Jon Matonis – The Fincen Whistleblowers:

Bitcoin Foundation board member Jon Matonis (@JonMatonis) writes a post on how the financial surveillance also occurring is no secret.  Excerpts:  

“The Fincen bureau conducts all of its surveillance activity out in the open and in plain sight, probably for its effect as a deterrent. Fincen even recruits banks and other agent financial institutions to participate in the direct surveillance that make serious and consequential judgment calls along the way.”

“Two generations of educated Americans, including some smart attorneys, have been conditioned to think of money laundering as a real and legitimate category of crime. Eradication of privacy is the goal and manipulation of the semantic crime debate is the tool.”

“Since the available cryptography and technical tools of today permit near absolutes on each side of the privacy-surveillance spectrum, each advancement from one side elicits an equally strong reaction from the other side.”

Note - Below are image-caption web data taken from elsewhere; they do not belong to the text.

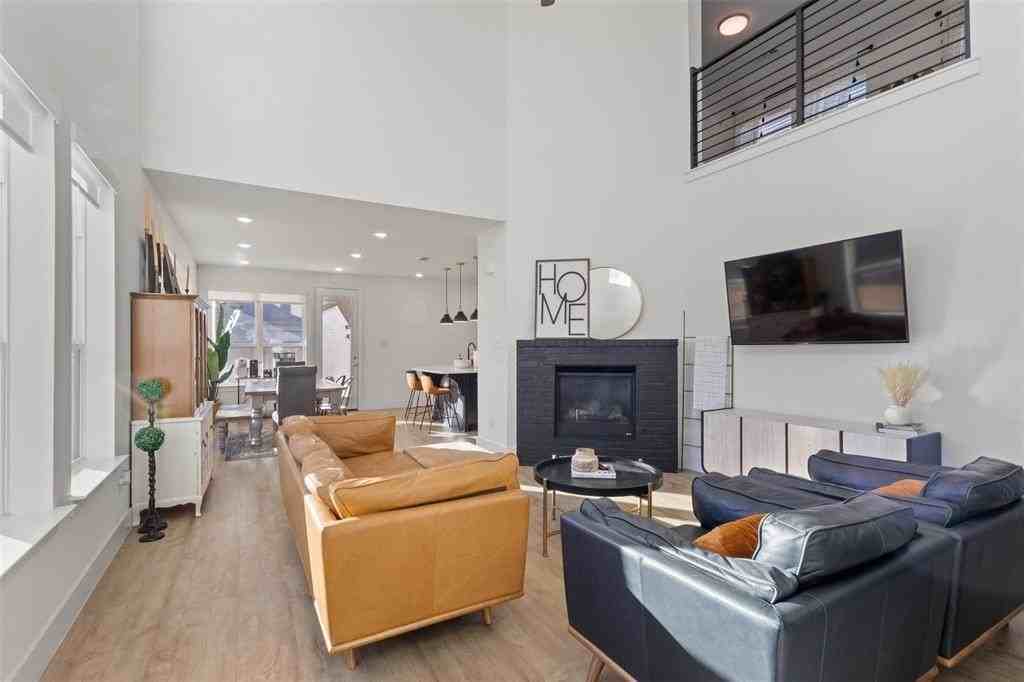 12301 Penson St - Photo 5 of 31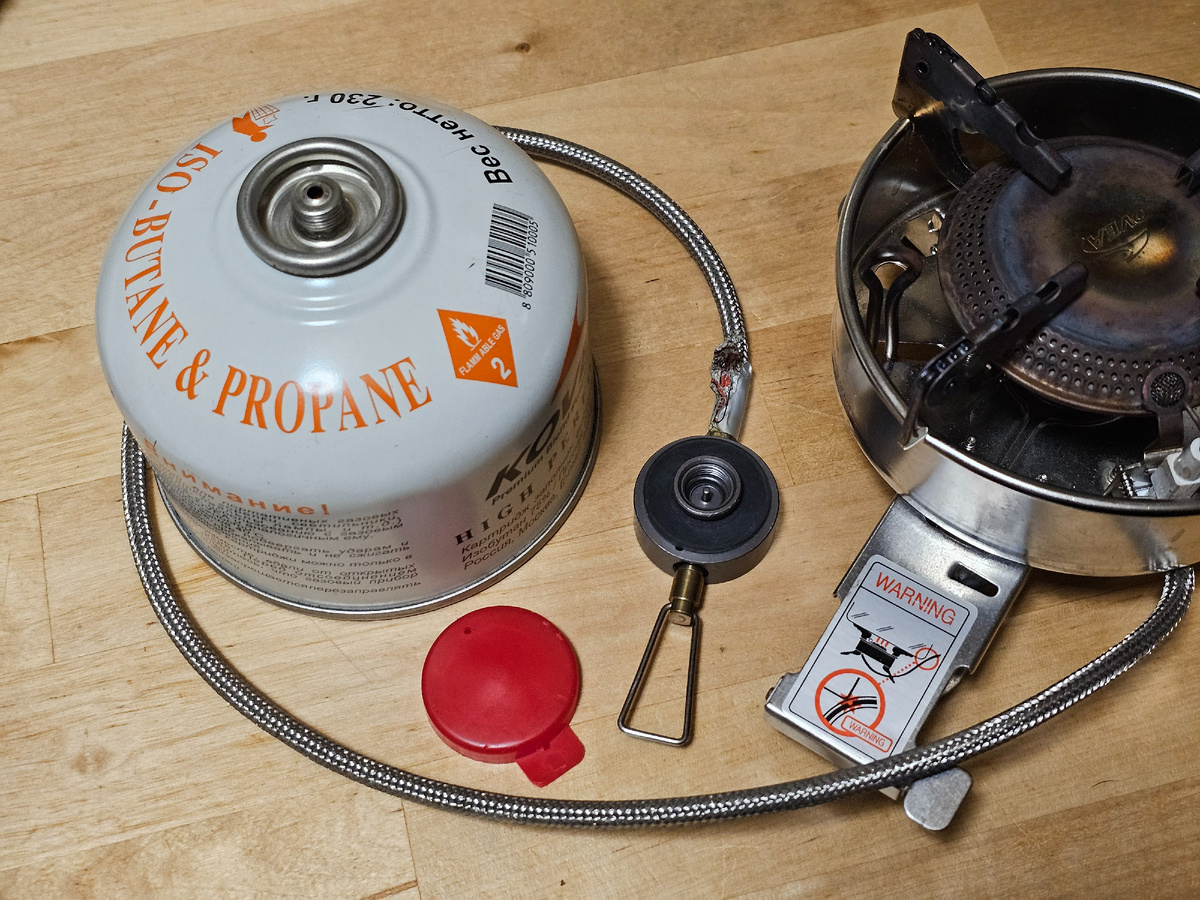 Резьбовой баллон и горелка под него.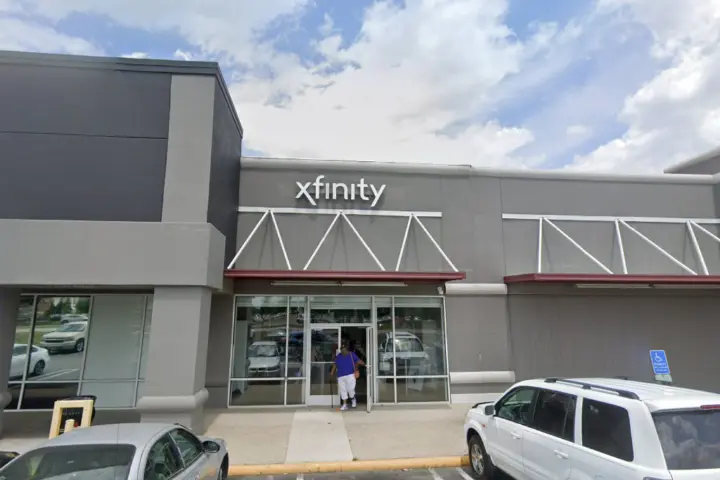 Xfinity – 1160 Temple Ave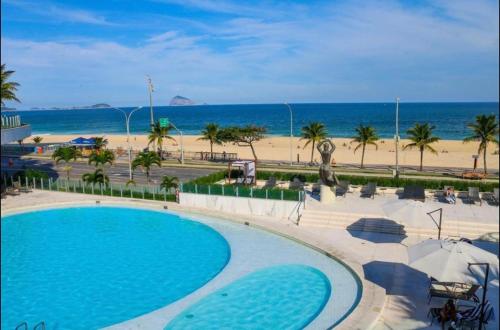 uitzicht op een zwembad en het strand bij Hotel Nacional in Rio de Janeiro
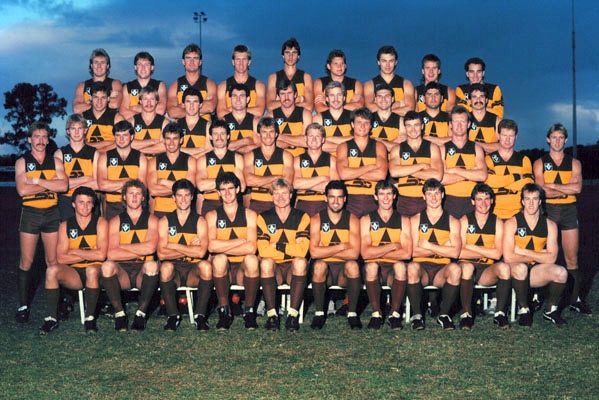 The inaugural team photo for the Brisbane Bears.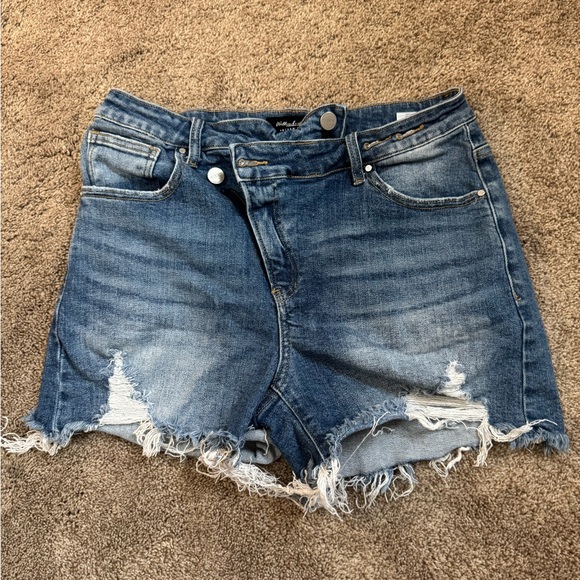 RISEN JEANS Distressed Women Asymmetrical Denim Distressed Shorts - Size Large - Picture 7 of 10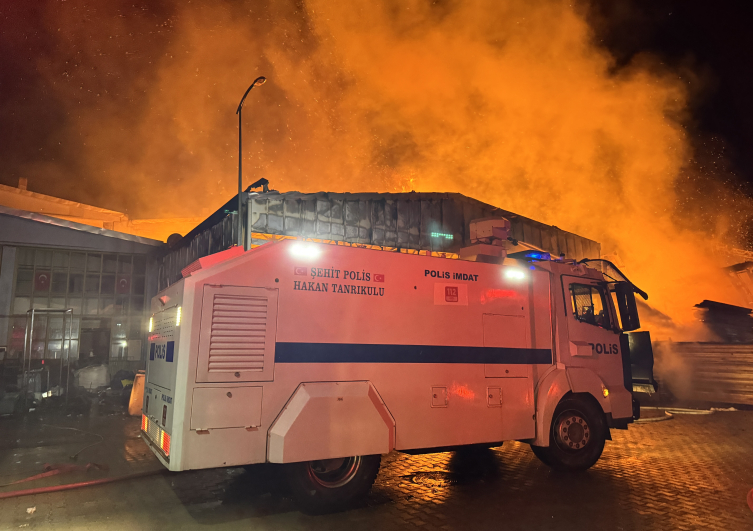 Sinop'ta sanayi sitesindeki iş yeri ve depoda çıkan yangın söndürüldü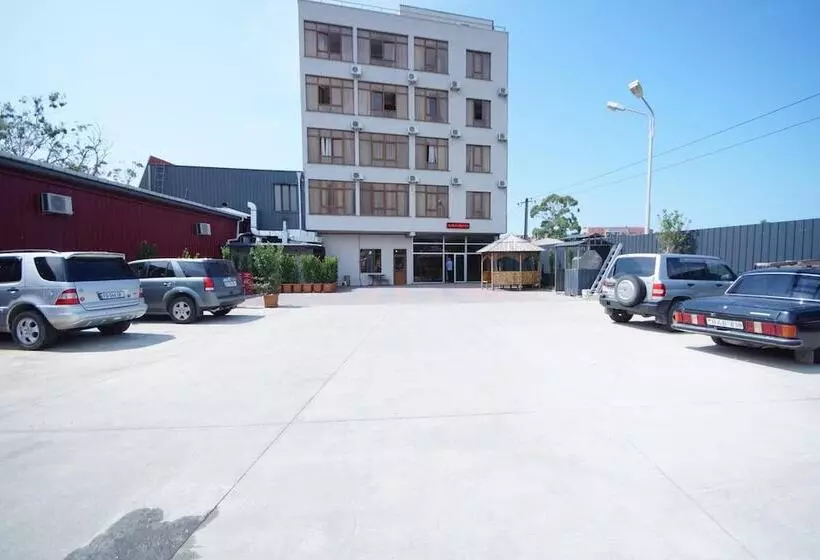 Hotel 725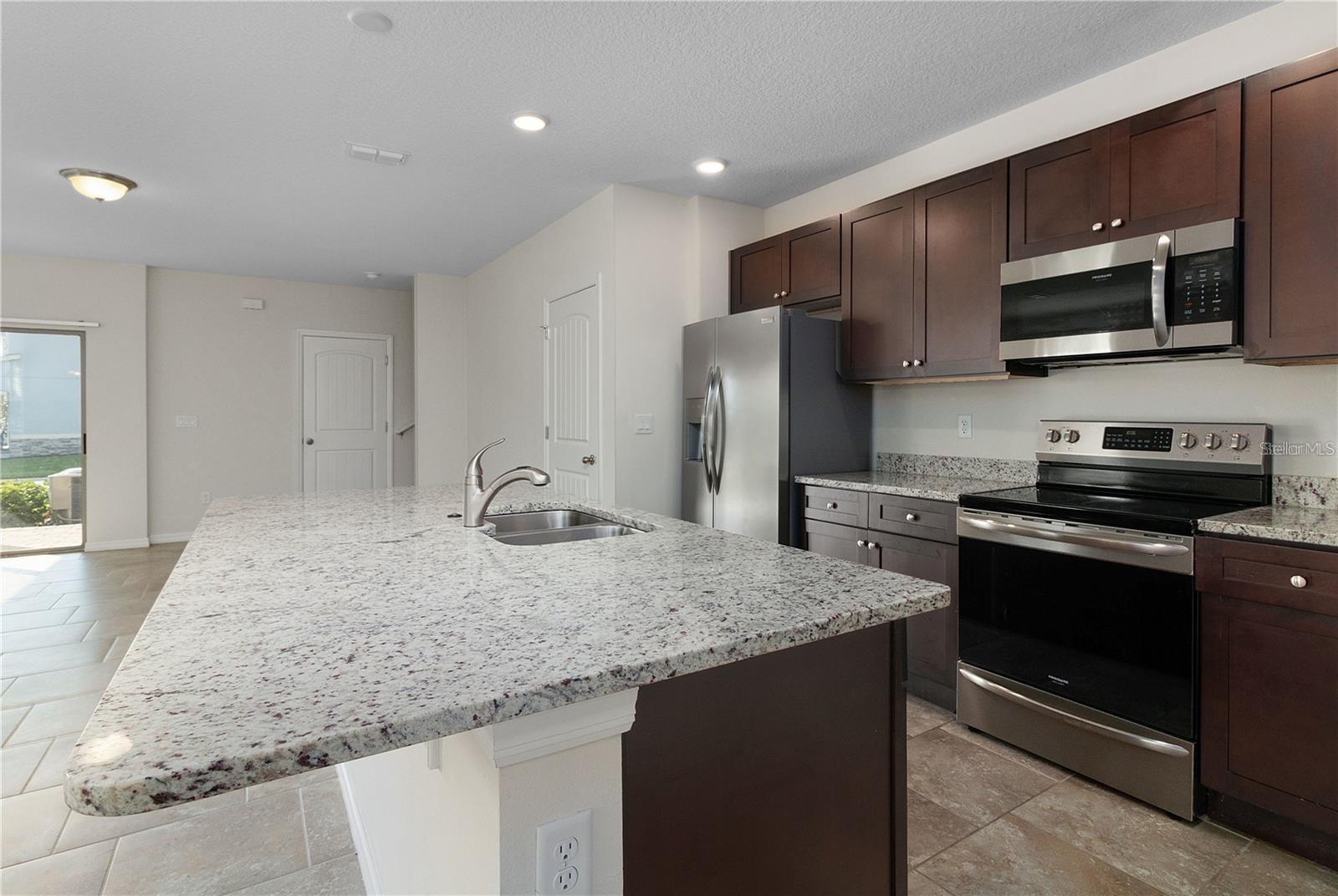 WATERLEIGH PH 2B - Residential Lease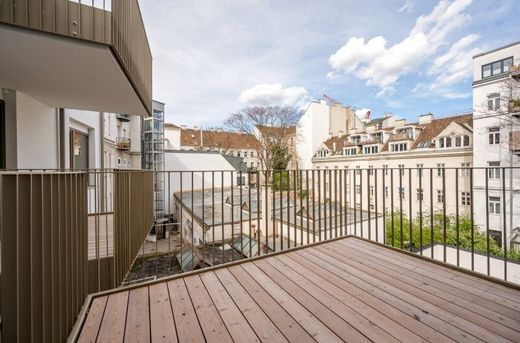 Apartment / Etagenwohnung in Mariahilf, Politischer Bezirk Sankt Veit an der Glan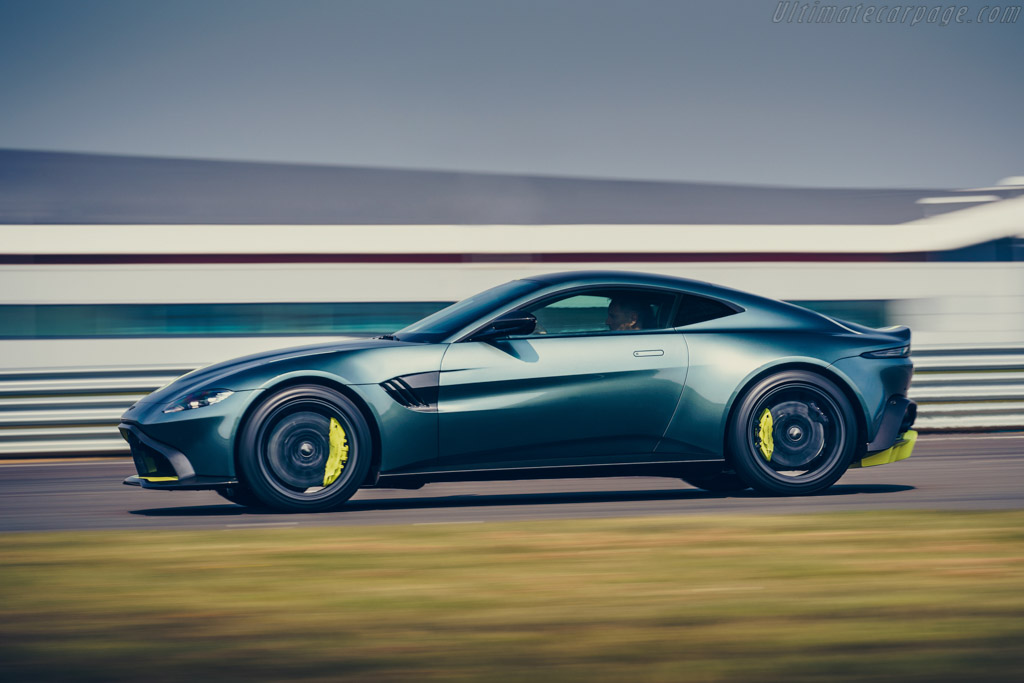 Aston Martin Vantage AMR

“As shameful as the existence of PRISM is, and it is monumentally shameful for a free society, it doesn’t even compare to the unprecedented level of financial surveillance the world is on the verge of witnessing.”

“Digital currencies with proper mixing services such as bitcoin become a viable option for preserving some transactional privacy, even if identification is required for its initial acquisition from licensed money transmitters.”

“A world where privacy isn’t sacrificed and all human transactions aren’t tracked is not only possible, but imperative. The alternative will be far worse than you can imagine.”